__Given information__
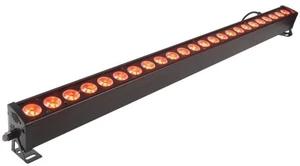 Light4Me Pixel BAR 24x3W MKIII Bară LED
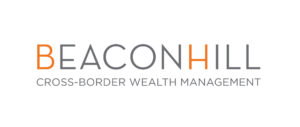 Beacon Hill Wealth Management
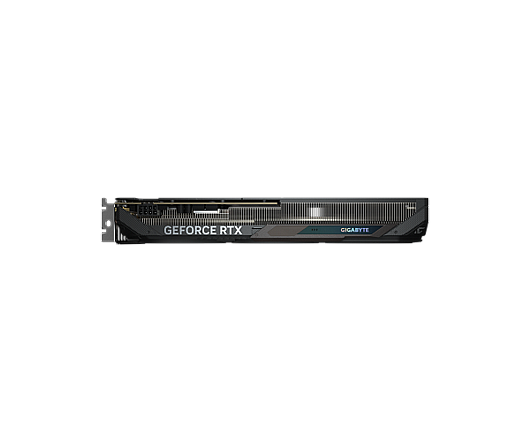 ����� ��� Gigabyte GeForce RTX 5050 8GB GV-N5050GAMING OC-8GD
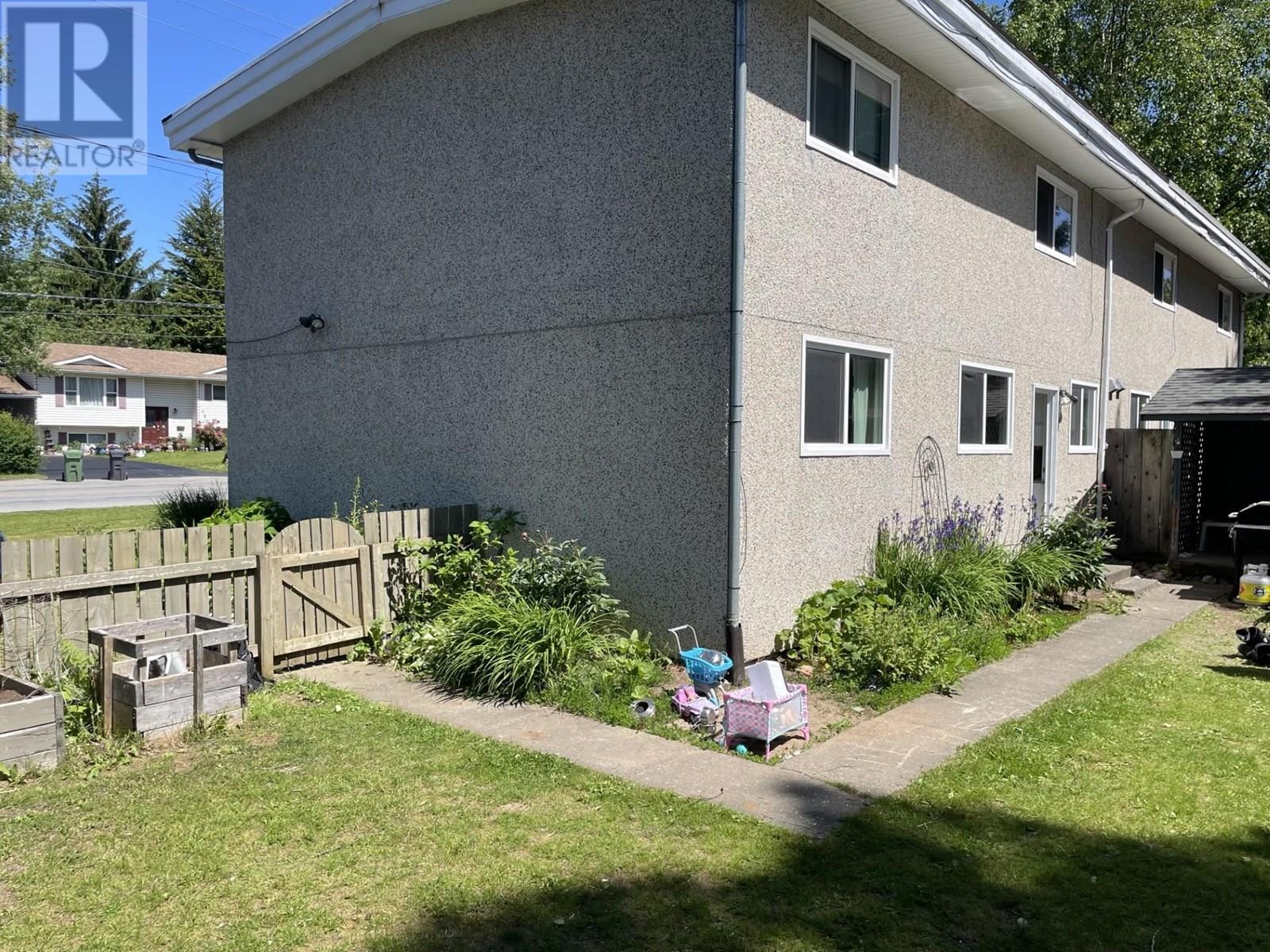 2 4809 Halliwell Avenue, Terrace, British Columbia  V8G 2J5 - Photo 13 - R3014387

__What this task involves__
Nothing but the lines from the one with "8GB GV-N5050GAMING OC-8GD" through the last line of the material above should appear in the answer, each copied exactly, with no pictures.

__Your response__
 ����� ��� Gigabyte GeForce RTX 5050 8GB GV-N5050GAMING OC-8GD
 2 4809 Halliwell Avenue, Terrace, British Columbia  V8G 2J5 - Photo 13 - R3014387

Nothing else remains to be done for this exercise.